Short descriptive text snippets
···
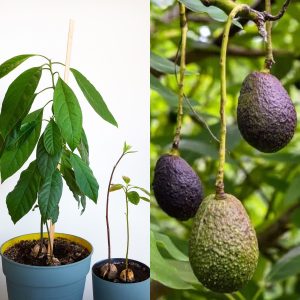 The Guide To Grow Avocados In A Pot Easily And Successfully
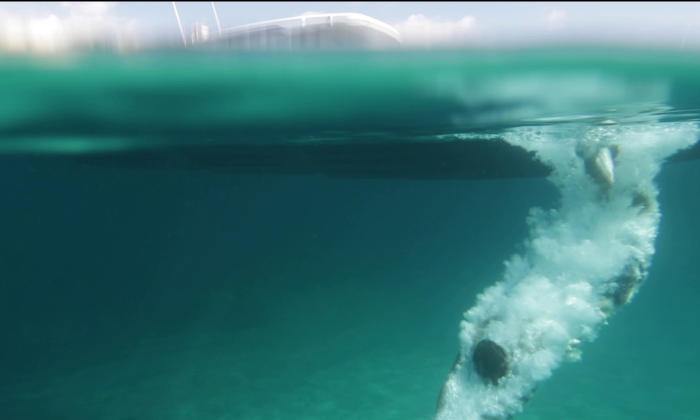 private boat day the yacht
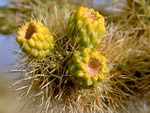 Chainfruit Cholla, Cylindropuntia fulgida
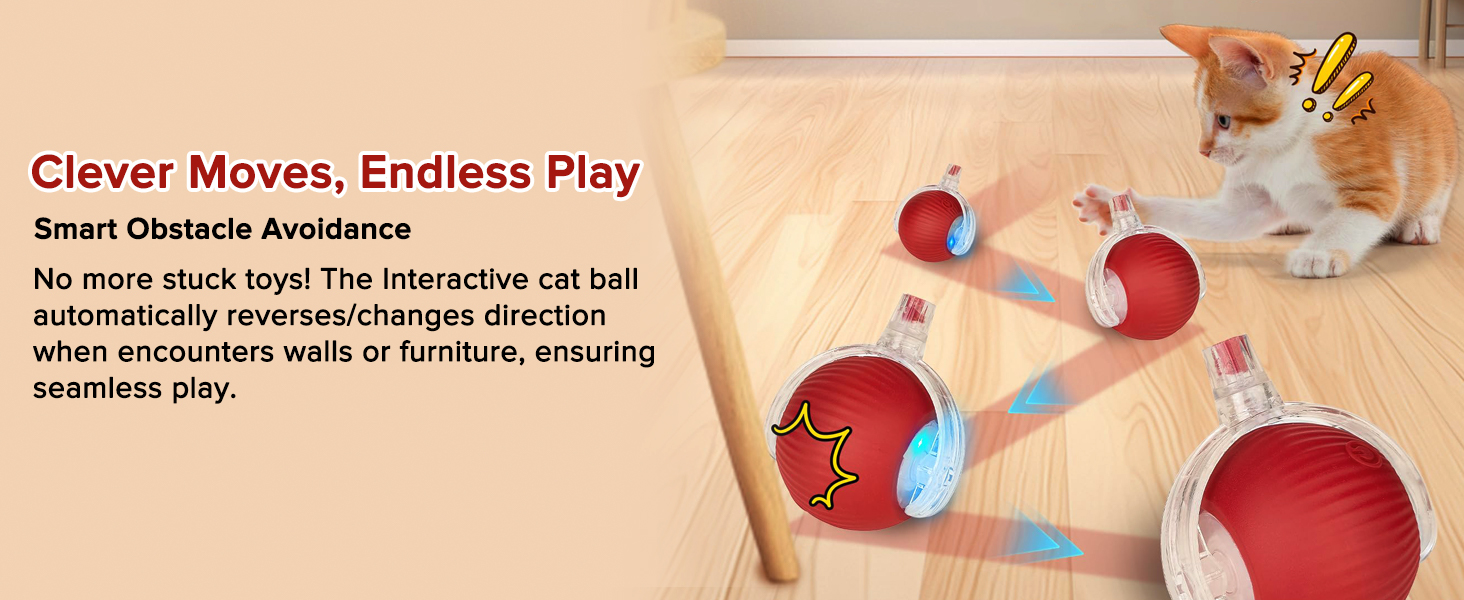 cat toy ball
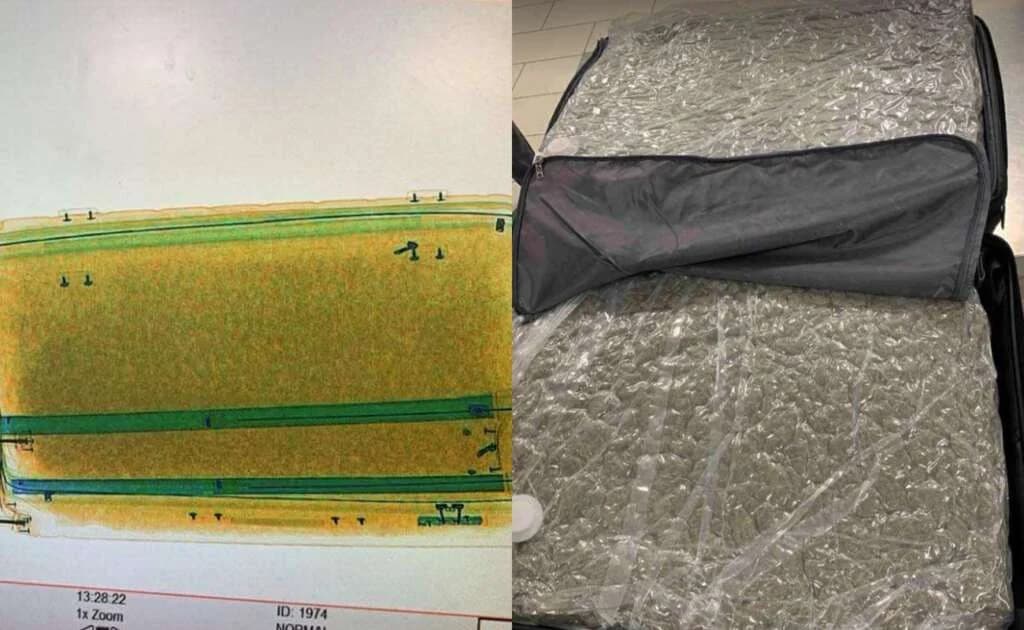 Hasta 11 años de prisión por importar 17 kg de cannabis a Chipre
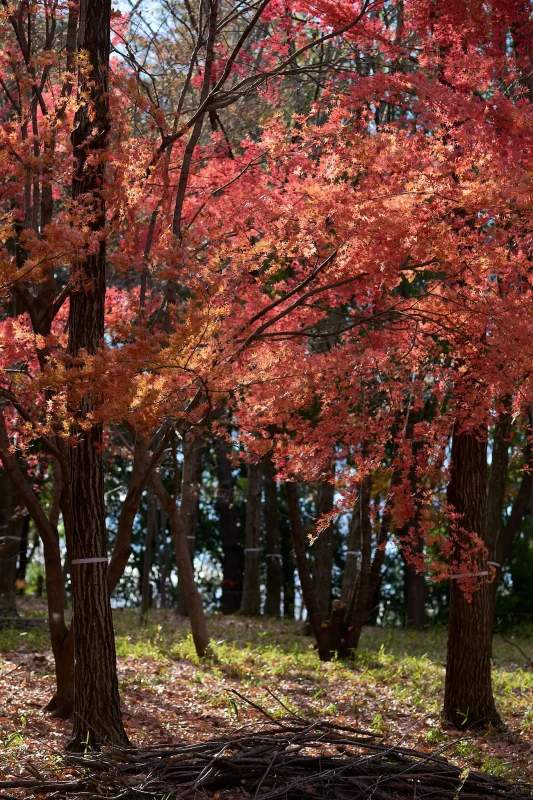 昭和記念公園で今年最後の紅葉を撮ってきた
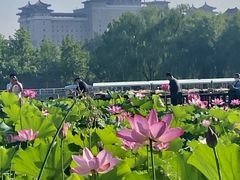 -莲花池公园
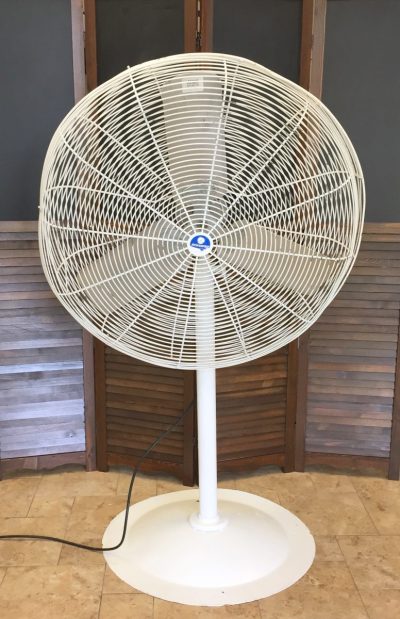 pedestal fan white 30 inch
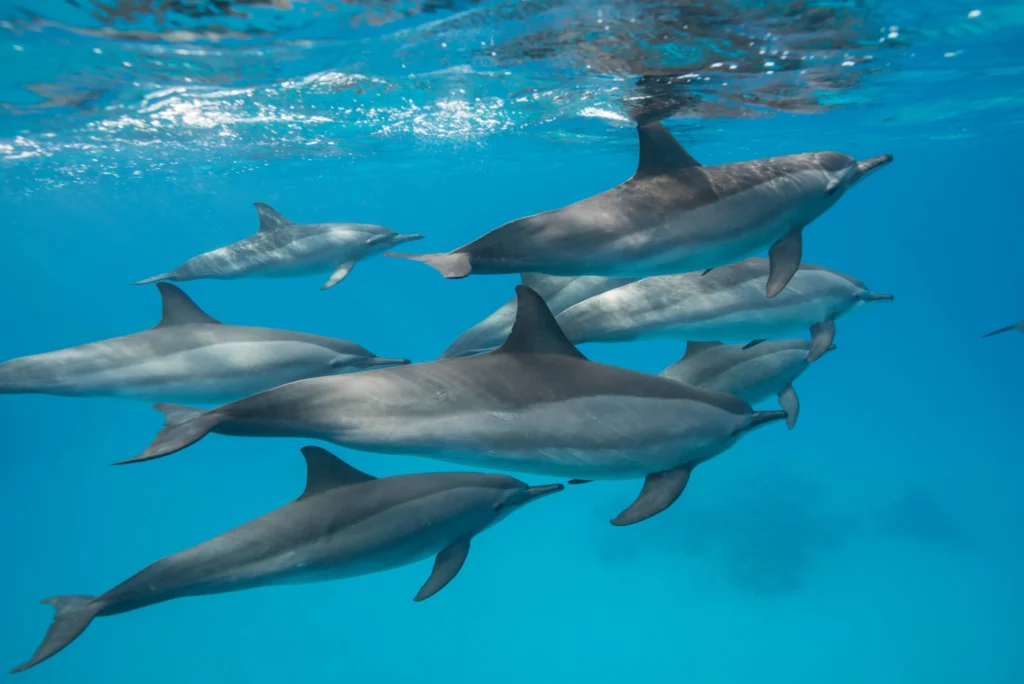 Banc de dauphins longirostres nageant dans les eaux bleues de la mer Rouge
···
> [Description of the task] If an entry holds a picture, skip the picture and print the rest of the data exactly.

> [Result for this task]
 The Guide To Grow Avocados In A Pot Easily And Successfully
 private boat day the yacht
 Chainfruit Cholla, Cylindropuntia fulgida
 cat toy ball
 Hasta 11 años de prisión por importar 17 kg de cannabis a Chipre
 昭和記念公園で今年最後の紅葉を撮ってきた
 -莲花池公园
 pedestal fan white 30 inch
 Banc de dauphins longirostres nageant dans les eaux bleues de la mer Rouge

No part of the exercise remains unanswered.